__REQUIREMENT__:
Exclude all pictures, and reproduce exactly the lines from the one containing "Mercedes-Benz CLA 250+ Coupe - 20" through the end of the records, with nothing else added.

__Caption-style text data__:
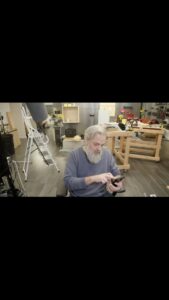 Actor Dan Harmon HD Instagram Photos and Wallpapers January 2024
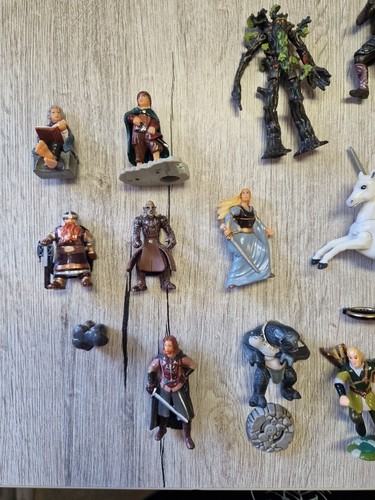 Herr der ringe - Ü-ei,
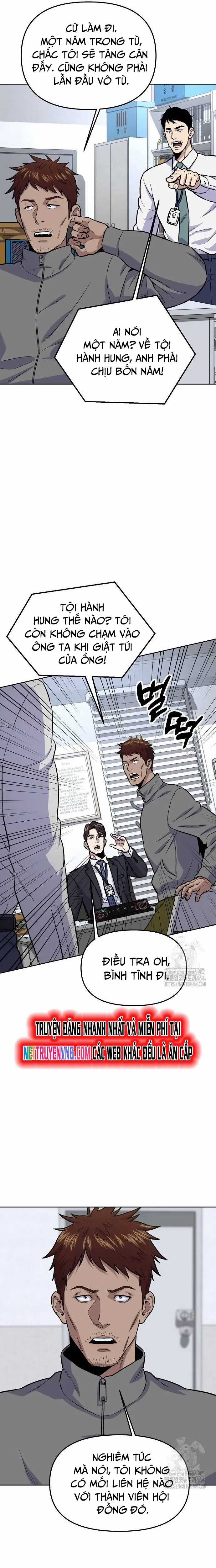 Độc Đạo - Chapter 15 - Trang 14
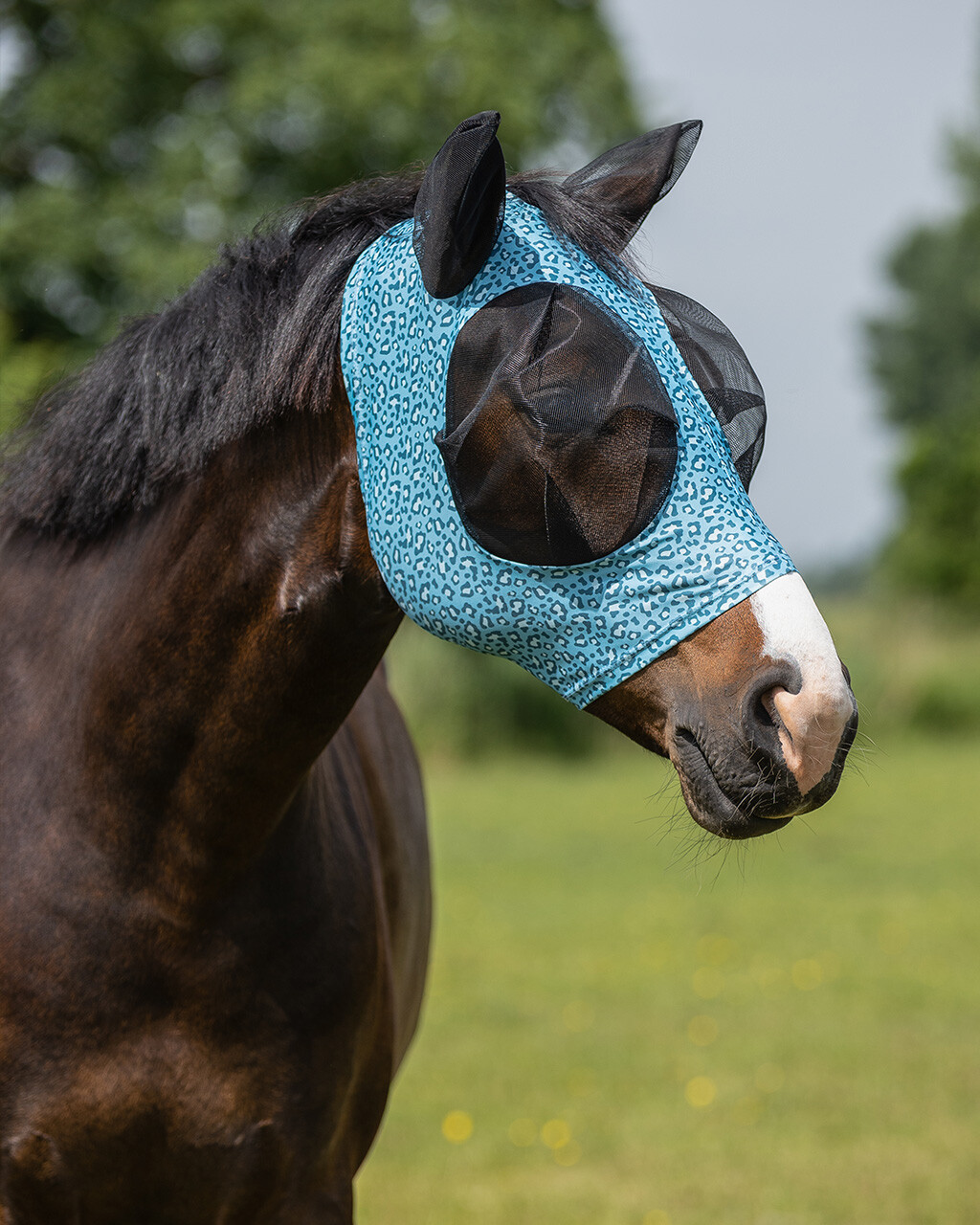 Fly Mask Super bug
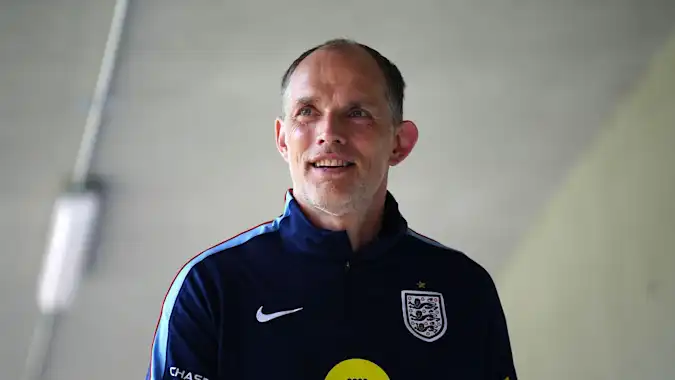 Thomas Tuchel knows goal difference could play a part in England's quest to top Group L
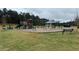 This community offers a playset with swings, slides, and activities for of all ages to enjoy at 5372 Tolar Rd, South Fulton, GA 30213
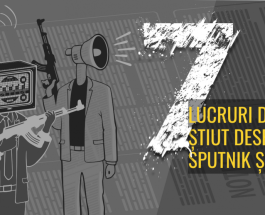 Armele de înșelăciune ale Kremlinului: 7 lucruri de știut despre RT și Sputnik | via EUvsDISINFO
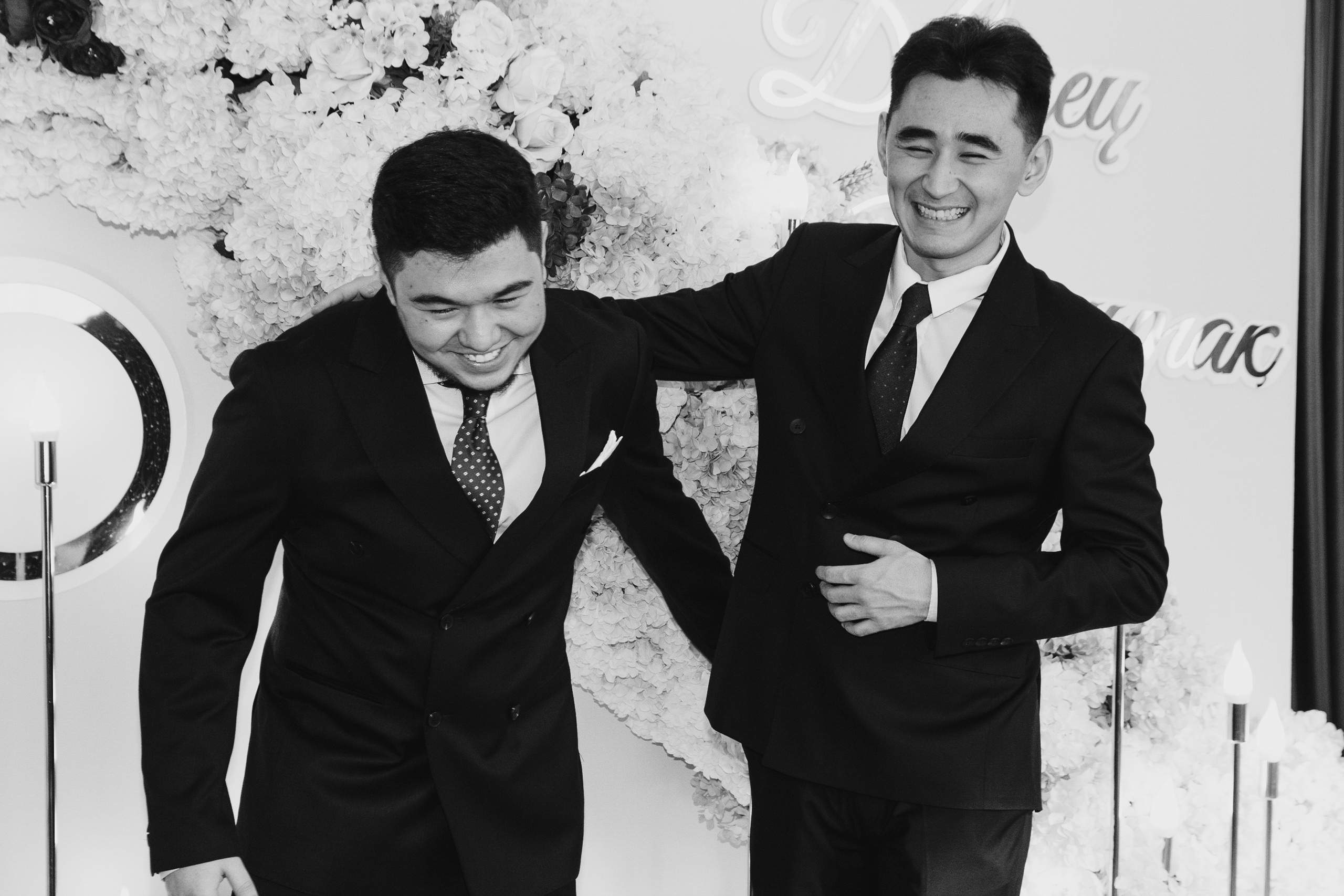 Амир & Альбина. Свадебный фотограф Алматы Ниязов Руслан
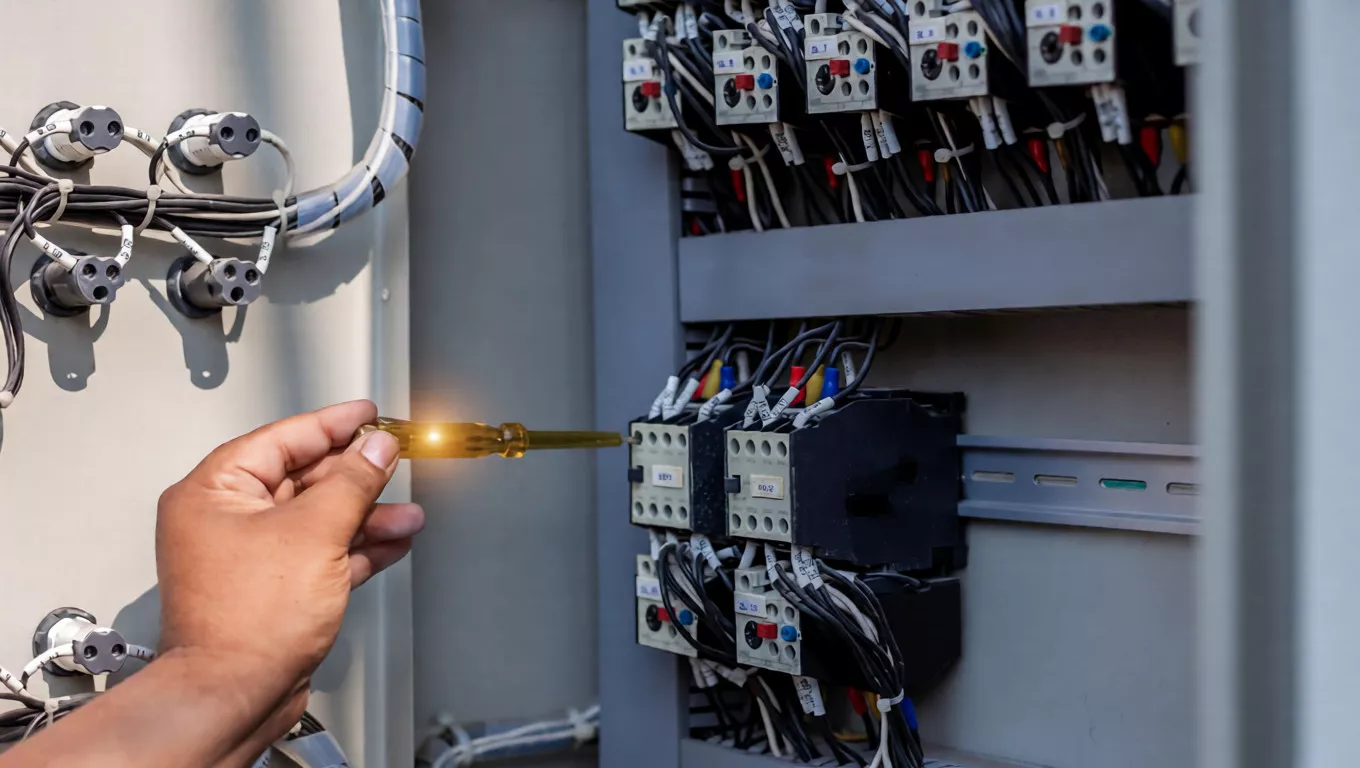 Skilled Commercial Electrical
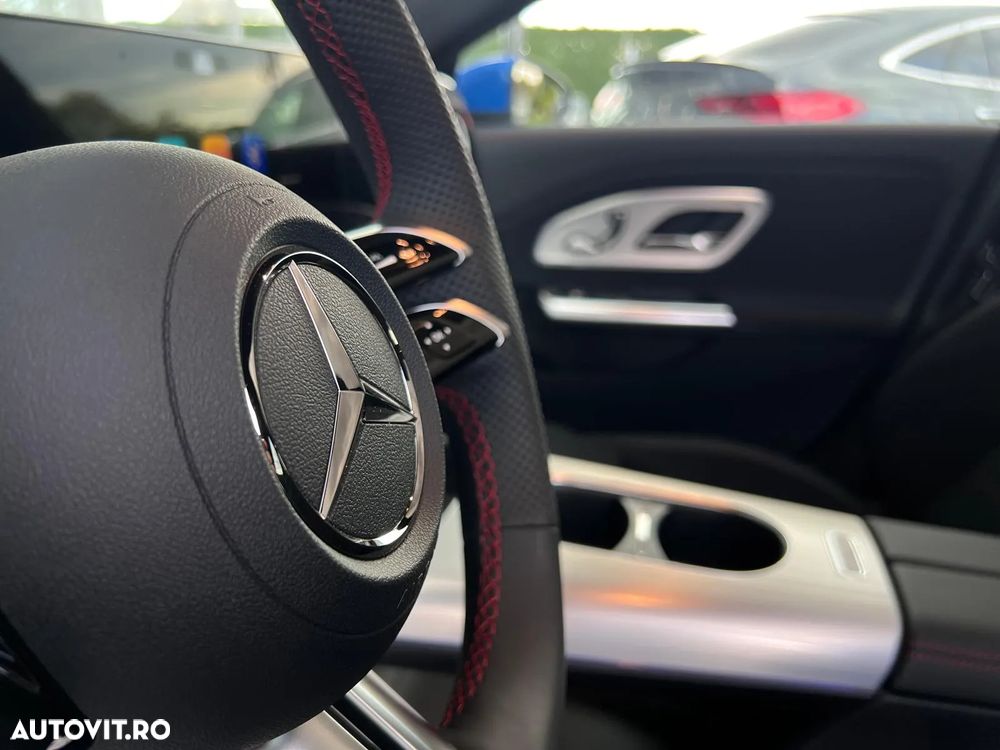 Mercedes-Benz CLA 250+ Coupe - 20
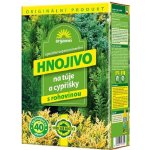 Forestina BIOMIN na thúje a cypřišky 1 kg – Zboží Mobilmania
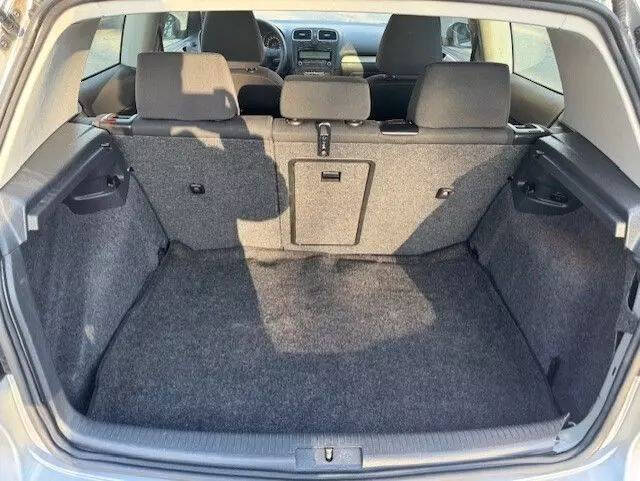 2011 Volkswagen Golf 2.5L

__RESPONSE__:
 Mercedes-Benz CLA 250+ Coupe - 20
 Forestina BIOMIN na thúje a cypřišky 1 kg – Zboží Mobilmania
 2011 Volkswagen Golf 2.5L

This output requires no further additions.